What to do:
Look below for the line that contains "Cum arată coronavirusul", then copy it and each following line exactly, through and including the line that contains "Bộ Đôi Dầu Gội".
-------- Material provided --------
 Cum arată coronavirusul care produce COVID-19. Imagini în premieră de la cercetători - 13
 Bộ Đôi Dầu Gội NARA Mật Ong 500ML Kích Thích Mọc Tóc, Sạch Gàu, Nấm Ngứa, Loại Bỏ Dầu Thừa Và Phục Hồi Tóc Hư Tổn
--------
-------- Material provided --------
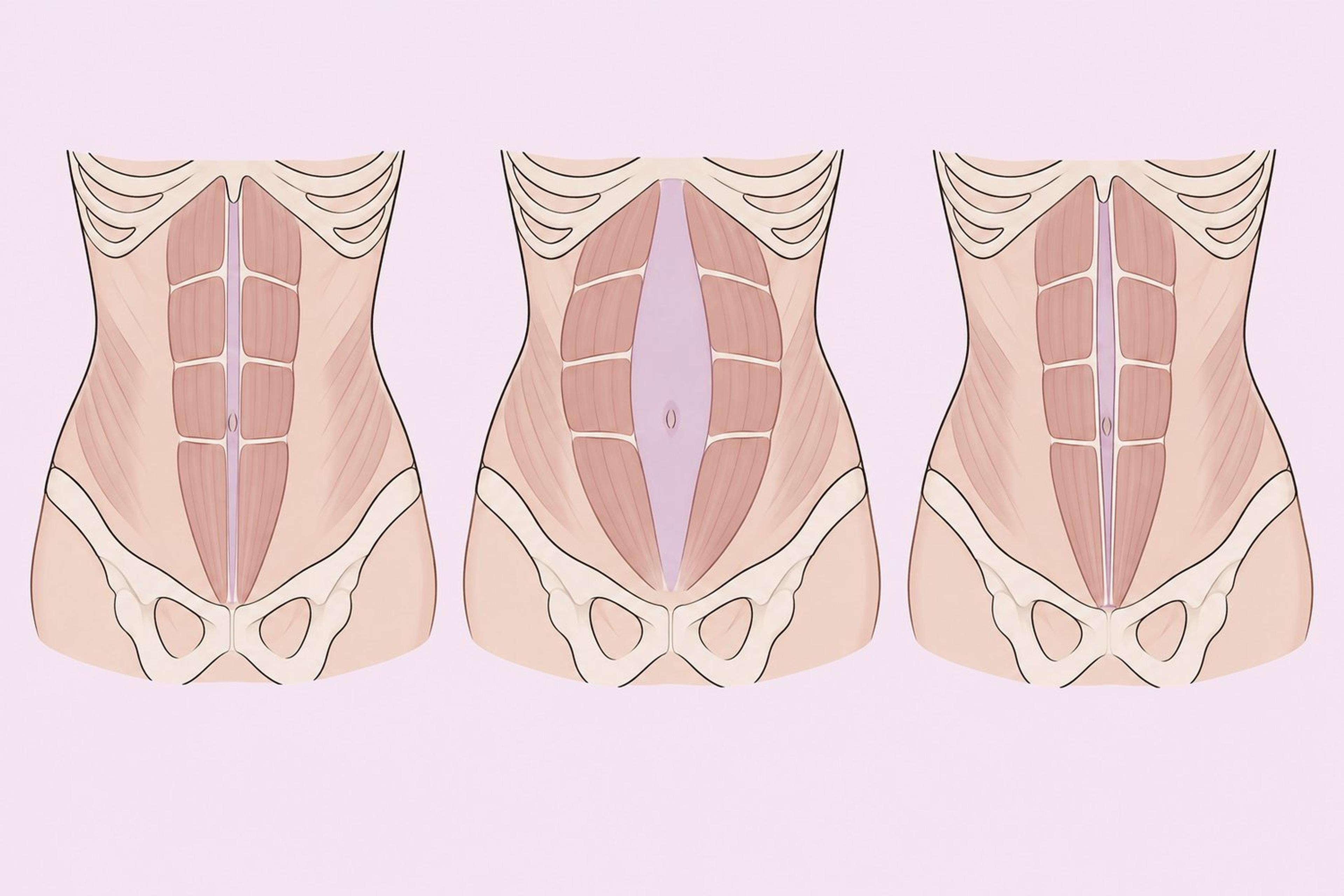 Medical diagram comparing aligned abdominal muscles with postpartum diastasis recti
--------
Response area:
 Cum arată coronavirusul care produce COVID-19. Imagini în premieră de la cercetători - 13
 Bộ Đôi Dầu Gội NARA Mật Ong 500ML Kích Thích Mọc Tóc, Sạch Gàu, Nấm Ngứa, Loại Bỏ Dầu Thừa Và Phục Hồi Tóc Hư Tổn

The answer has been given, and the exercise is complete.